O Supremo Tribunal Federal (STF) decidiu que os municípios brasileiros têm o dever de oferecer estrutura adequada para acolher, tratar e proteger cães e gatos abandonados ou vítimas de maus-tratos. A decisão reforça que cabe ao poder público criar e manter políticas efetivas de proteção animal, incluindo abrigos, atendimento veterinário e outros serviços necessários para garantir o bem-estar dos animais.
A determinação foi tomada após a Corte rejeitar um recurso apresentado pela Prefeitura de Catanduva (SP), consolidando o entendimento de que a responsabilidade dos municípios pela proteção dos animais está prevista na Constituição Federal.
Com a decisão, as prefeituras devem adotar medidas concretas para garantir atendimento adequado aos animais em situação de abandono ou vítimas de violência.
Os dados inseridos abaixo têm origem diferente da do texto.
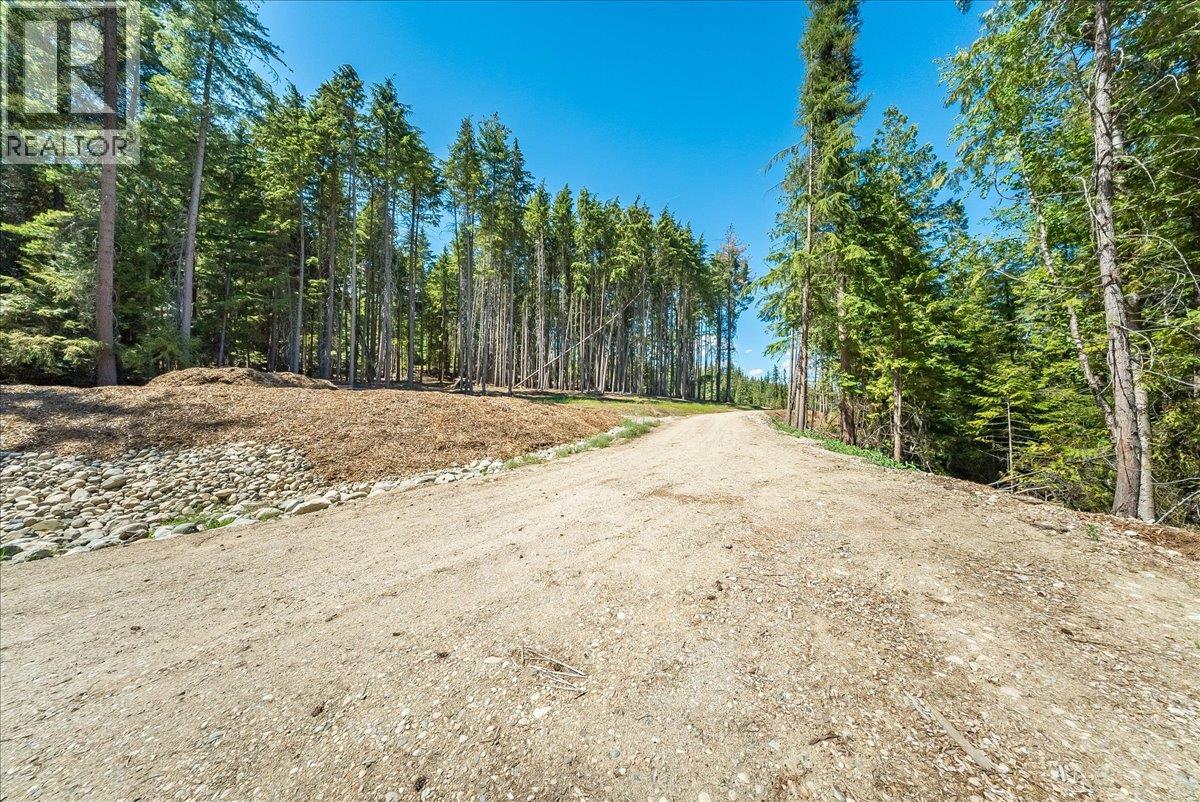 1110 23rd Street, Castlegar, British Columbia V1N 3A6 - Photo 19 - 10395340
A estrutura deve ser compatível com as necessidades dos cães e gatos, abrangendo desde o acolhimento até os cuidados veterinários necessários.
O STF também ressaltou que essa obrigação não pode ser simplesmente transferida para voluntários, protetores independentes ou organizações da sociedade civil. Na prática, a atuação de ONGs e pessoas que realizam resgates voluntariamente não exime o poder público de cumprir sua responsabilidade constitucional.
A decisão ocorre em um cenário em que, em diversas cidades brasileiras, protetores independentes e entidades de proteção animal acabam assumindo grande parte dos custos relacionados a resgates, tratamentos veterinários, alimentação e cuidados de animais abandonados ou vítimas de maus-tratos.
A partir do entendimento firmado pela Corte, os municípios passam a ser cobrados pela implementação de políticas públicas capazes de garantir proteção animal de maneira plena e efetiva, reduzindo a dependência de iniciativas voluntárias para atender uma demanda que também é de responsabilidade do poder público.